→ Exercise details
What do the lines from the top of the data through the line with "Levede Bed Frame" say? Quote them exactly and include both ends.

→ Input for this task
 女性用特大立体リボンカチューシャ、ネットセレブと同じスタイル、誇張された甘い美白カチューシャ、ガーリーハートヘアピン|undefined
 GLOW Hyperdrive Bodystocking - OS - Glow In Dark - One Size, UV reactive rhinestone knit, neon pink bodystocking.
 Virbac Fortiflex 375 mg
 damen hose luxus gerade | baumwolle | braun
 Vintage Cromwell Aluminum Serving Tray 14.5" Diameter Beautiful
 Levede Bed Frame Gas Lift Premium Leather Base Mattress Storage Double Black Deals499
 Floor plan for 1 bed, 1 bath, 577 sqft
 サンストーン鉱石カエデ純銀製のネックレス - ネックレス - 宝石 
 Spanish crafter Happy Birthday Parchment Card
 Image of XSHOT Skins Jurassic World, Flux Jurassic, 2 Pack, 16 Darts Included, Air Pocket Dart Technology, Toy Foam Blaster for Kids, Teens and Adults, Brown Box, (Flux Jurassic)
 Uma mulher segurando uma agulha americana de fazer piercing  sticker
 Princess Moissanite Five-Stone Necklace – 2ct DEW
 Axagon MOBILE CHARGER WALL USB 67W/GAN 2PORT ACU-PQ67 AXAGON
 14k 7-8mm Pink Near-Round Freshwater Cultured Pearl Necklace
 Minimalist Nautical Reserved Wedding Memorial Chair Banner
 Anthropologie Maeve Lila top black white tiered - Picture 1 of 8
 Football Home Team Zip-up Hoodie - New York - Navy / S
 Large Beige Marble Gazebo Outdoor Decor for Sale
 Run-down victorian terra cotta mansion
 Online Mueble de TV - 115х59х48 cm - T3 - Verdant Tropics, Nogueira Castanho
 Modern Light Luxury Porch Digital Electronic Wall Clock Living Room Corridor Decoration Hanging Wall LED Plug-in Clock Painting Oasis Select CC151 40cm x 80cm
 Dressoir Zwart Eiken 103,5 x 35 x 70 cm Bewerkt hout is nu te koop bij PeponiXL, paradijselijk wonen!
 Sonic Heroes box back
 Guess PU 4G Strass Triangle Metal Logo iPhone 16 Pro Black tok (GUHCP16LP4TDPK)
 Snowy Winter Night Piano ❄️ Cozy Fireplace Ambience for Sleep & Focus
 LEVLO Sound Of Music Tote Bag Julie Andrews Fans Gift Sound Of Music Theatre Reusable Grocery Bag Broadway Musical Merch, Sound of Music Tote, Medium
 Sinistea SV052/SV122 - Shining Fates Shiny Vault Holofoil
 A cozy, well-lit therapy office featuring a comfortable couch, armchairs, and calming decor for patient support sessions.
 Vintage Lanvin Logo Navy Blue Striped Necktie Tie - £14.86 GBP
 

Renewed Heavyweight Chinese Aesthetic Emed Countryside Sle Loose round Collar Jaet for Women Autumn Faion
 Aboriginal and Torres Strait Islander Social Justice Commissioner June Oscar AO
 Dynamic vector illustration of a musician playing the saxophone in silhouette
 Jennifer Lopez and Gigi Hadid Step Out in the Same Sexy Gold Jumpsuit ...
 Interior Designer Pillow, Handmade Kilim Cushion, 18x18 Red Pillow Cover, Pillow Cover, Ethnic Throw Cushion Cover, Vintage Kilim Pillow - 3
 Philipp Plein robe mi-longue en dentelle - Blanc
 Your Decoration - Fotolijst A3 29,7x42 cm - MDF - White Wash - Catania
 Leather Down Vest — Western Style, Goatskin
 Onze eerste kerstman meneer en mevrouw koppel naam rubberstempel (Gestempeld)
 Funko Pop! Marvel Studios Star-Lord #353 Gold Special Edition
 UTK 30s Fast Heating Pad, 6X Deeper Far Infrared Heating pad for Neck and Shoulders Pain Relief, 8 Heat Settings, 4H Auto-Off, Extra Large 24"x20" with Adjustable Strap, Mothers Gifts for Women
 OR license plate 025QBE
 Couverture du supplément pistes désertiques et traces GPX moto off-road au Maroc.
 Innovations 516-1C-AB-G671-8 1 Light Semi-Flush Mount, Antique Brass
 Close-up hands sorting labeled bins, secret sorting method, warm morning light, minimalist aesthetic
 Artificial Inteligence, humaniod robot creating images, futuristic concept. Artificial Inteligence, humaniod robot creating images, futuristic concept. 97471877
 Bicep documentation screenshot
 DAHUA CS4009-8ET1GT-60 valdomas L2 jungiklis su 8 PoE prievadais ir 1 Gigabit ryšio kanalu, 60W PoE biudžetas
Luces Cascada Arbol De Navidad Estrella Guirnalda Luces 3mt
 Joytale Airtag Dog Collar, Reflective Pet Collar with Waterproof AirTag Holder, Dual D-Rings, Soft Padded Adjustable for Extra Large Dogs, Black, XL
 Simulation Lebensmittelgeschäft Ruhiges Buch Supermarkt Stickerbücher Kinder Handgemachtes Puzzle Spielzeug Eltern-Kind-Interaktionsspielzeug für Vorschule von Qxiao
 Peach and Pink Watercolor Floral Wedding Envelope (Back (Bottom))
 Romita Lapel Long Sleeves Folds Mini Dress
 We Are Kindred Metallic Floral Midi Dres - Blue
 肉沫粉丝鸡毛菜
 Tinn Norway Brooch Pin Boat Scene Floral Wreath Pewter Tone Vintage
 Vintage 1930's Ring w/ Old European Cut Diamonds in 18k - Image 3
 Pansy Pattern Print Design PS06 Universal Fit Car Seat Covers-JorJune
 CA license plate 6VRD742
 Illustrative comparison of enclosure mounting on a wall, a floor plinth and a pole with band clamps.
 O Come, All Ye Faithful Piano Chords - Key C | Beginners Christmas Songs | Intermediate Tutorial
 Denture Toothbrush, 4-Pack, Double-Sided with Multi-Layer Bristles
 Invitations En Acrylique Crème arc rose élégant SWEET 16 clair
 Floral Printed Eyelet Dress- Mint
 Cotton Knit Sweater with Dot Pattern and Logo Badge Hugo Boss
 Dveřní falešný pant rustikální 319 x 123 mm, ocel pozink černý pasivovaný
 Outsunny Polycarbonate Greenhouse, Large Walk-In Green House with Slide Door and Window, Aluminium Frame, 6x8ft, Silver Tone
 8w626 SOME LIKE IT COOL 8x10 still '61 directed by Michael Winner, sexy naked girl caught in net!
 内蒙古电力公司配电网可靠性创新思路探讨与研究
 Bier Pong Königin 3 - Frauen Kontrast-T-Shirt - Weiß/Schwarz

→ Answer for the task
 女性用特大立体リボンカチューシャ、ネットセレブと同じスタイル、誇張された甘い美白カチューシャ、ガーリーハートヘアピン|undefined
 GLOW Hyperdrive Bodystocking - OS - Glow In Dark - One Size, UV reactive rhinestone knit, neon pink bodystocking.
 Virbac Fortiflex 375 mg
 damen hose luxus gerade | baumwolle | braun
 Vintage Cromwell Aluminum Serving Tray 14.5" Diameter Beautiful
 Levede Bed Frame Gas Lift Premium Leather Base Mattress Storage Double Black Deals499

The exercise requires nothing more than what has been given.